The main advantage of trading using opposite United Drilling and Digjam positions is that it hedges away some unsystematic risk. Because of two separate transactions, even if United Drilling position performs unexpectedly, Digjam can make up some of the losses. Pair trading also minimizes risk from directional movements in the market. For example, if an entire industry or sector drops because of unexpected headlines, the short position in Digjam will offset losses from the drop in Digjam's long position.

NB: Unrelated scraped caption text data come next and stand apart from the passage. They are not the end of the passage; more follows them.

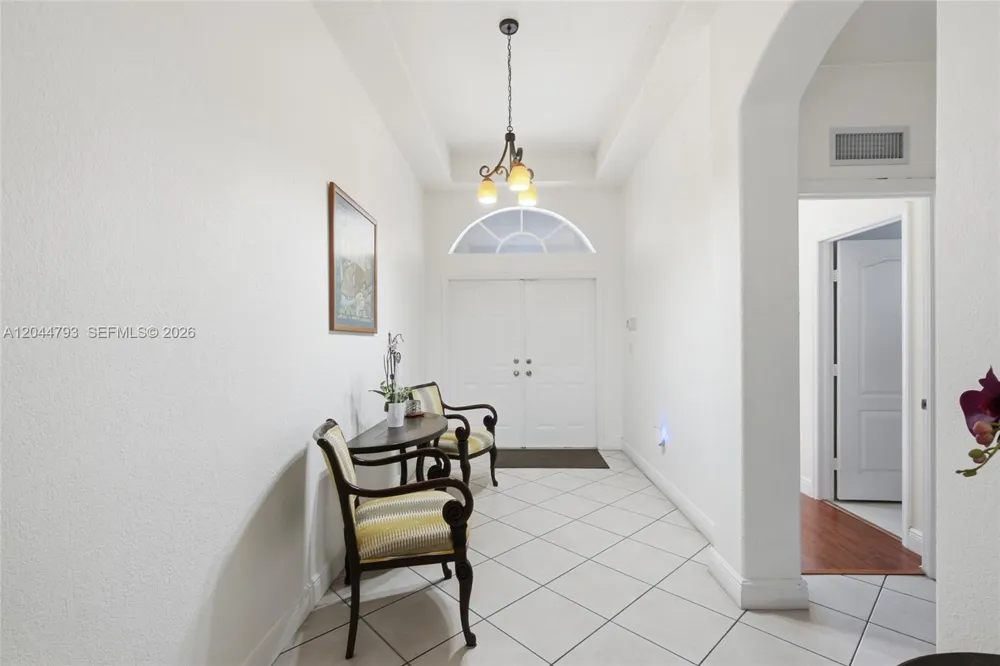 15125 SW 12th Ter Miami, FL 33194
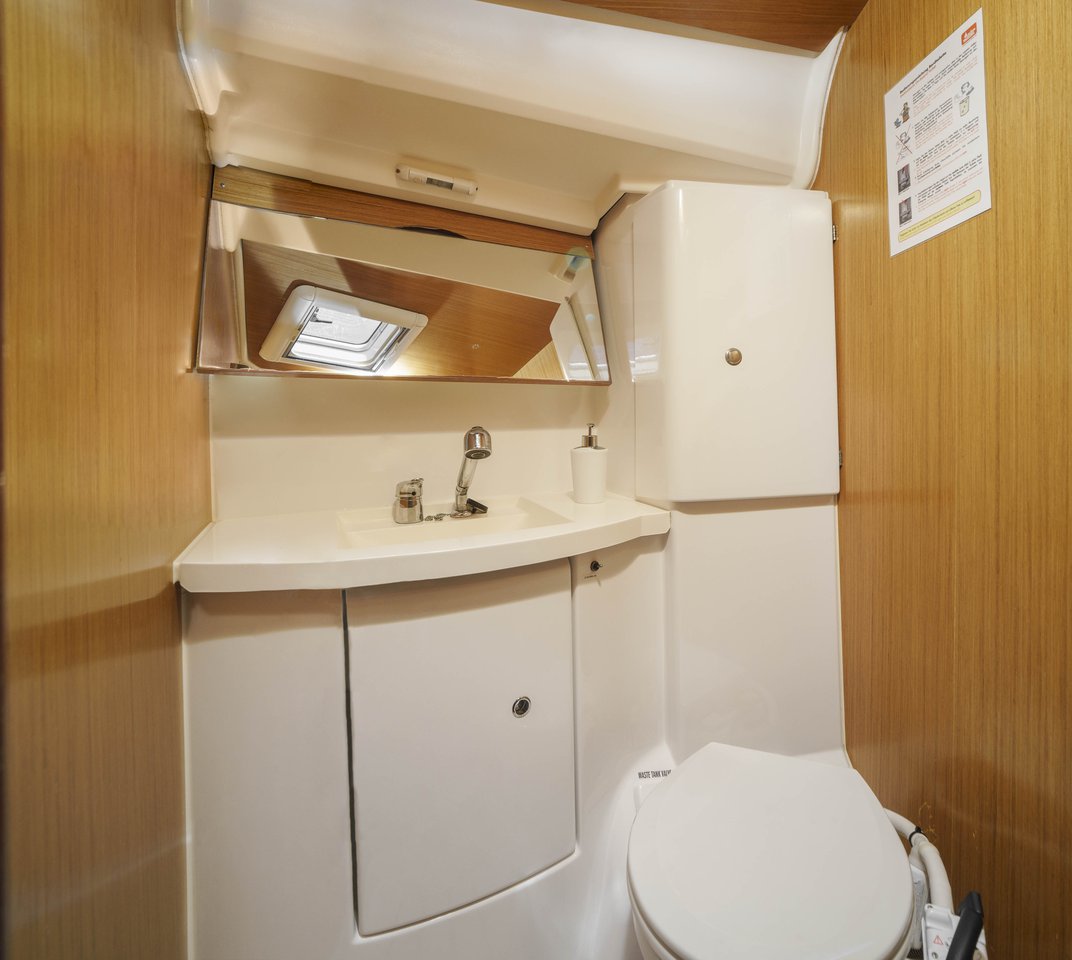 Photo #2 - Sun Odyssey 42i (Ema) in Tribunj - 38524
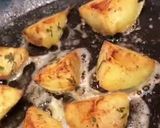 Foto del paso 2 de la receta: Pulpo a la plancha con patatas a las hierbas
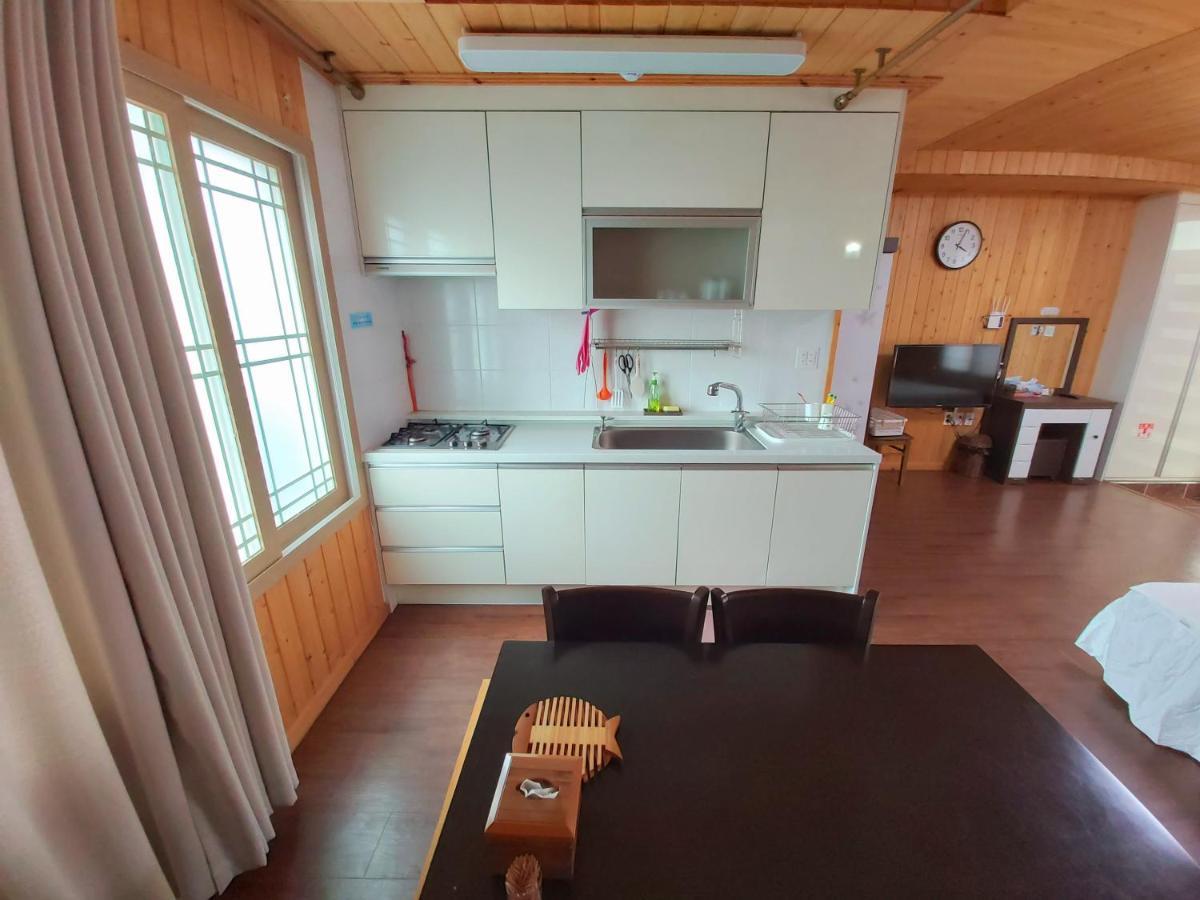 Hotel Feeling Good House Jeju Exterior foto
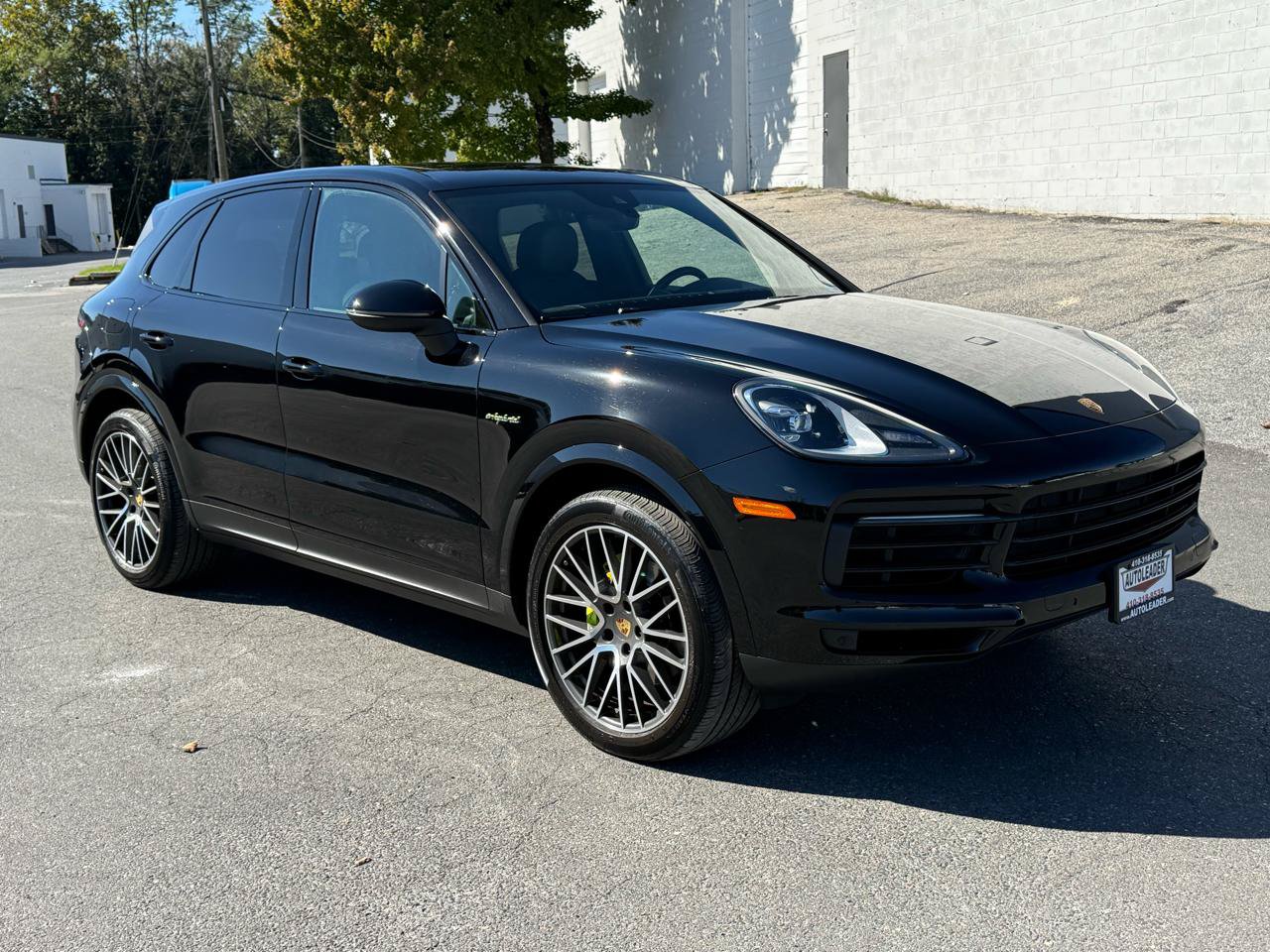 Used 2022 Porsche Cayenne Platinum Edition AWD/4WD image 42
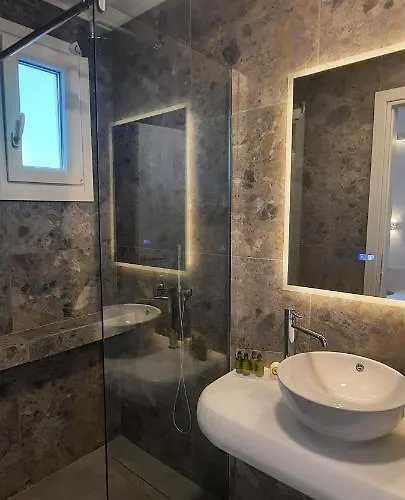 Paros Blue Dolphin Fully Renovated By Rivea Group Χρυσή Ακτή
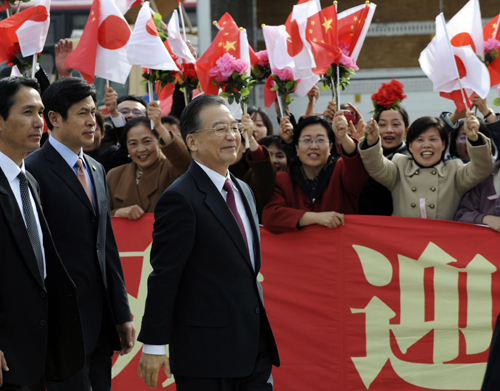12月13日,國務(wù)院總理溫家寶抵達(dá)日本福岡,出席首次單獨(dú)舉行的中日韓領(lǐng)導(dǎo)人會(huì)議。 新華社記者 馬占成 攝
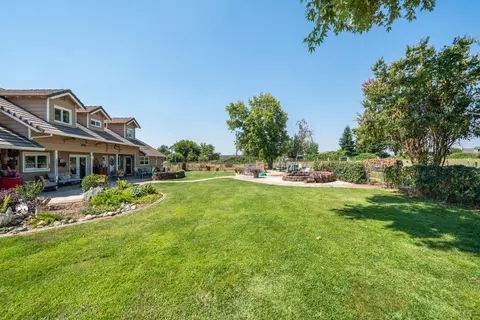 Exterior - 22058 Lone Tree Rd, Anderson, CA 96007 photo 18 of 40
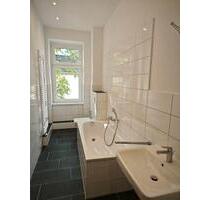 Sanierte 3 Raum Wohnung mit Tageslichtbad - Leipzig Ost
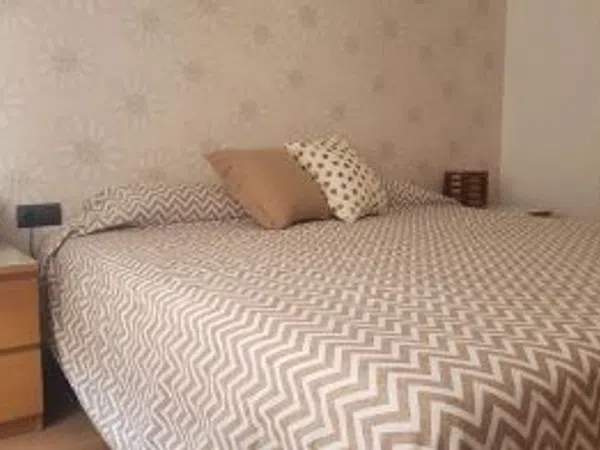 Piso en calle de la Democràcia, 43 - Foto 1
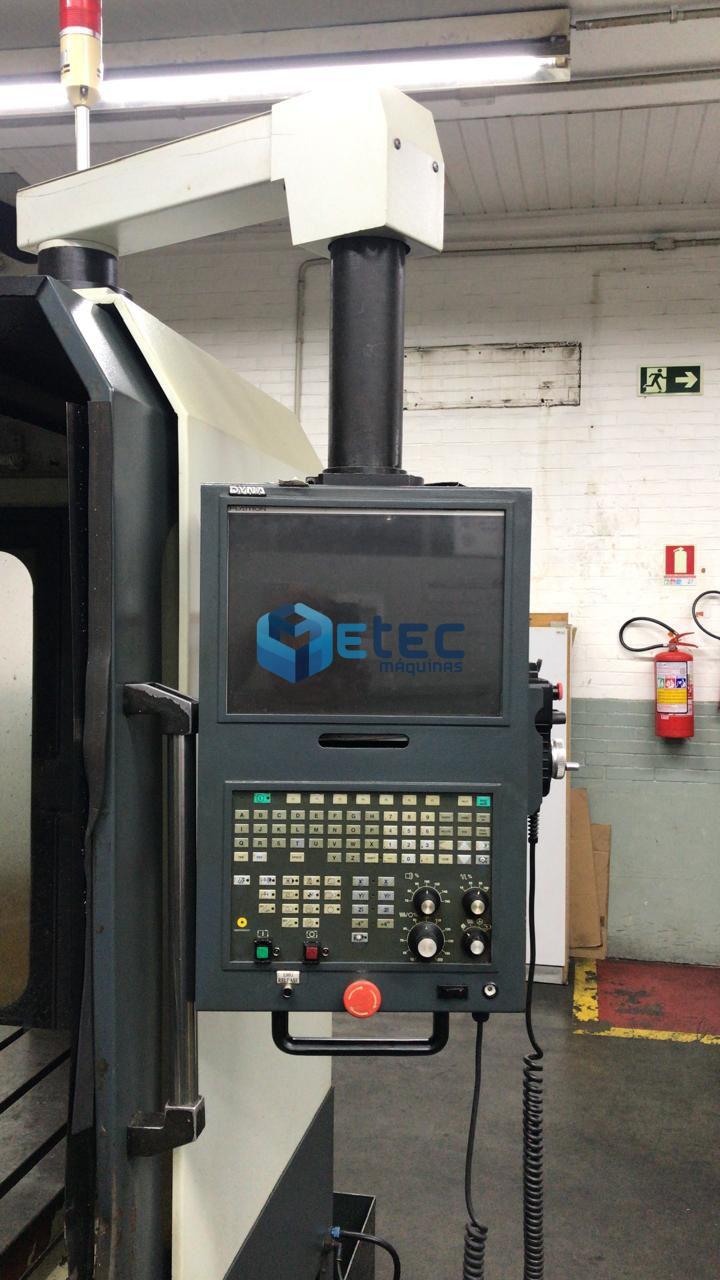 Centro de Usinagem Dyna DM5226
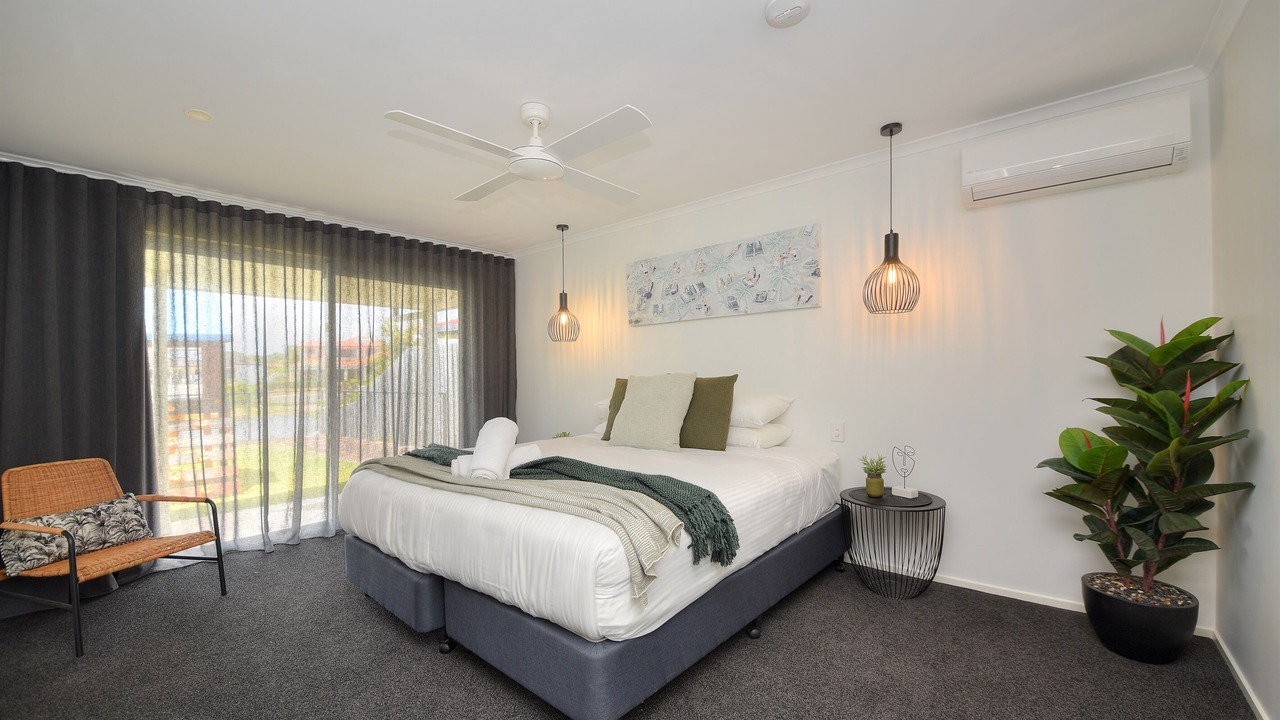 Photo of Bedroom in Mermaid Waters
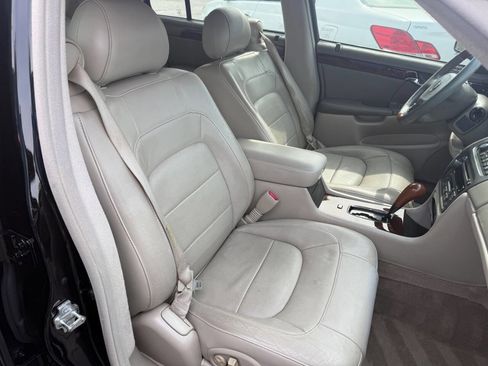 Used 2005 Cadillac De Ville DTS w/ Equipment Group FWD image 10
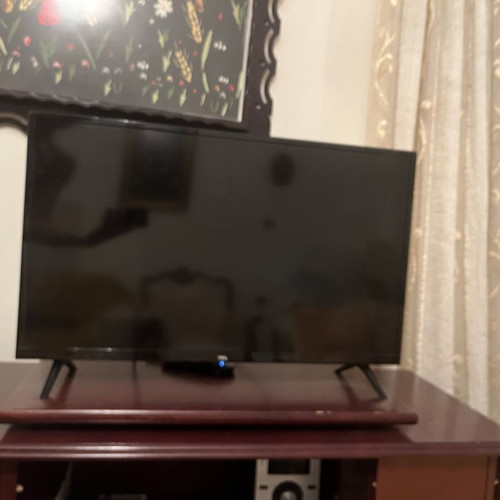 TCL TV 32” smart like new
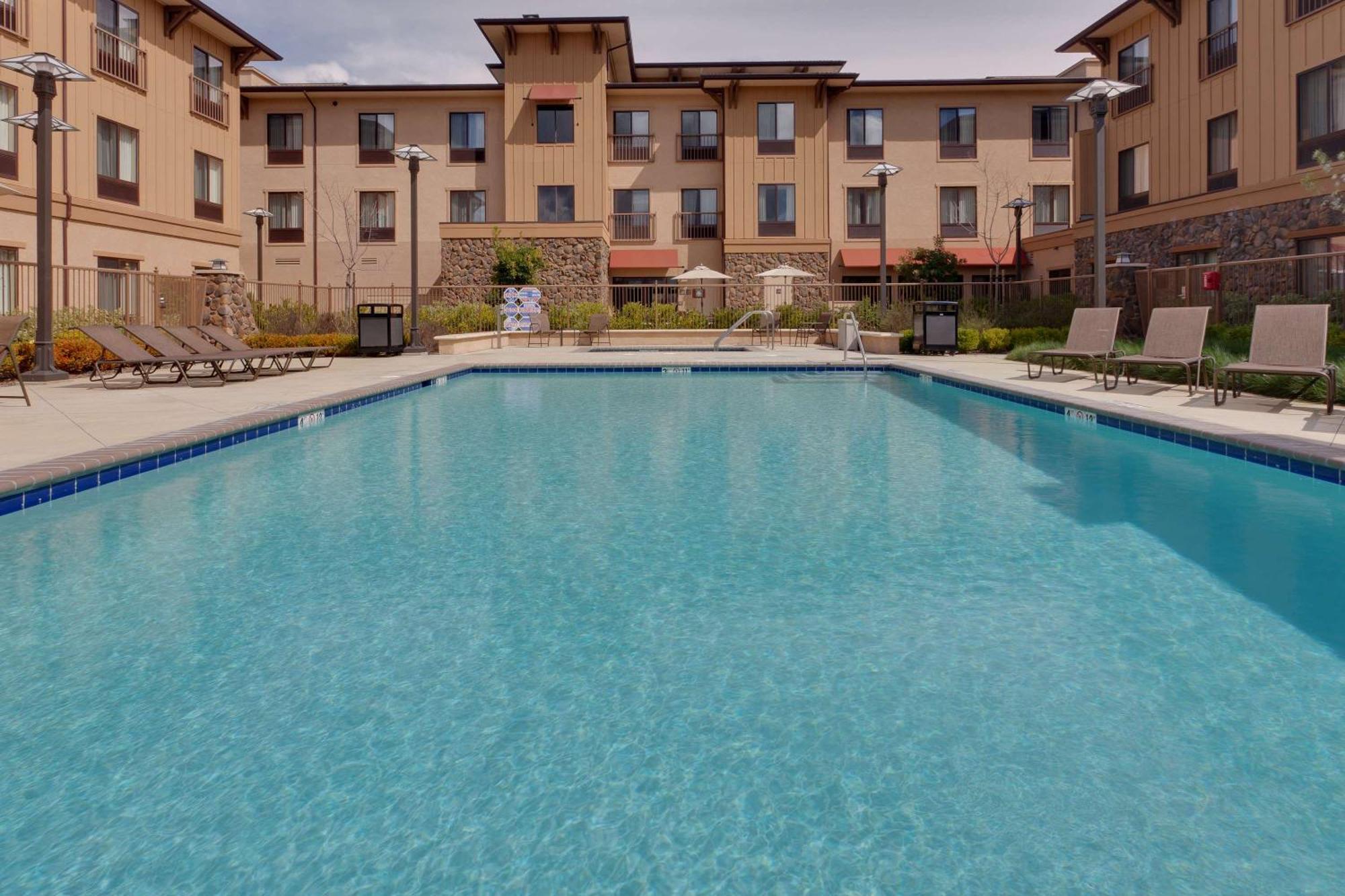 Hampton Inn & Suites Windsor-Sonoma Wine Country Eksteriør bilde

The idea behind United Drilling Tools and Digjam Limited pairs trading is to make the combined position market-neutral, meaning the overall market's direction will not affect its win or loss (or potential downside or upside). This can be achieved by designing a pairs trade with two highly correlated stocks or equities that operate in a similar space or sector, making it possible to obtain profits through simple and relatively low-risk investment.
Check out your portfolio center.
Note that this page's information should be used as a complementary analysis to find the right mix of equity instruments to add to your existing portfolios or create a brand new portfolio. You can also try the Pattern Recognition module to use different Pattern Recognition models to time the market across multiple global exchanges.